In terms of pure economic considerations, everyone in the U.S. is at a disadvantage when it comes to getting laid off ... at least when compared to countries with more socialistic bents and stronger safety nets for the unemployed. This list of the best countries in the world to lose your job might prompt some to consider relocation to Scandinavia, cold and dark be damned.  

But this short piece I stumbled across in the New York Times a couple of months ago offers a more nuanced take on the subject. In it, Susan Dominus describes four friends in New York City who'd been laid off, and who had decided to make an independent film with their suddenly spare time. One of them admits, "I would not have done this unless I'd lost everything"--because of both a fear of failure and a simple lack of time. Dominus concludes:

"Even unemployment can feel burnished by the setting. To be an out-of-work artist in New York is to be part of a grand tradition, and that history no doubt helps fuel aspirants like Ms. Major and her friends, who might otherwise succumb to fear of failure." 

On the one hand, places like New York City, Los Angeles, and (for more technically-oriented creative types) Silicon Valley, are obscenely expensive places in which to live. Which means doing a start-up or trying to make a living there as a freelance artist is far tougher financially than, say, in rural Minnesota. But location does matter--not only for moral support, but also in terms of finding other people with more fluid lives to provide bits-and-pieces creative and technical support. 

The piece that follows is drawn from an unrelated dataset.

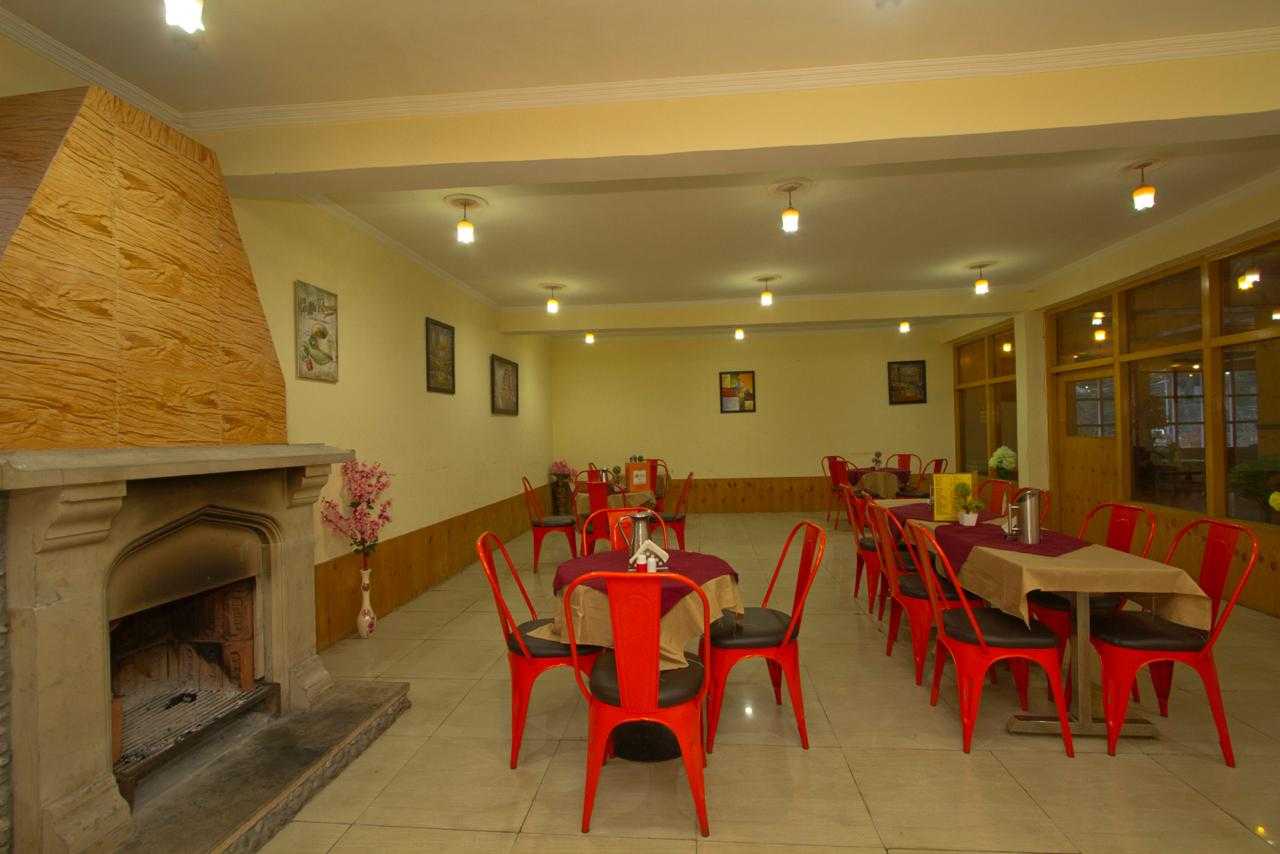 Capital O 84257 Hotel Himalayan Travels, Manali 3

When I first quit my corporate job and set out to be a self-employed writer, I was living in a predominantly blue-collar community in Minnesota. The cost of living was wonderfully low. But getting hit with "when are you going to get a job?" from everyone I met was exhausting. Tell someone in New York or LA that you're a writer, or tell someone in Silicon Valley that you're starting your own company, and the response is far more likely to be, "Wow! That's great! Tell me all about it!" And, quite possibly, the conversation will conclude with, "you know who you might want to talk to ..."   

Every city has a personality, and different places have different predominant norms and values. Low rents and good schools are great. But attempting to be an entrepreneur or artist in the world is tough, and scary. The obstacles are great, the security level is low, and every step is a challenge that has to be figured out without any clear guide as to what the "right" next move is. Having a supportive and nurturing social culture in which to struggle through those challenges ... as well as ready access to more experienced, like-minded explorers ...  is a huge asset. Not only to inherently creative or entrepreneurial types, but also for anyone who's just lost their job. 

Being laid off in New York or LA or Silicon Valley just means you've joined a well-populated club with a long and cherished tradition. Even if you don't want to stay in that club forever, you don't have to be embarrassed to be a part of it. That counts for a lot. And it might just open up doors to a new career that, like Ms. Major, you never otherwise would have tried.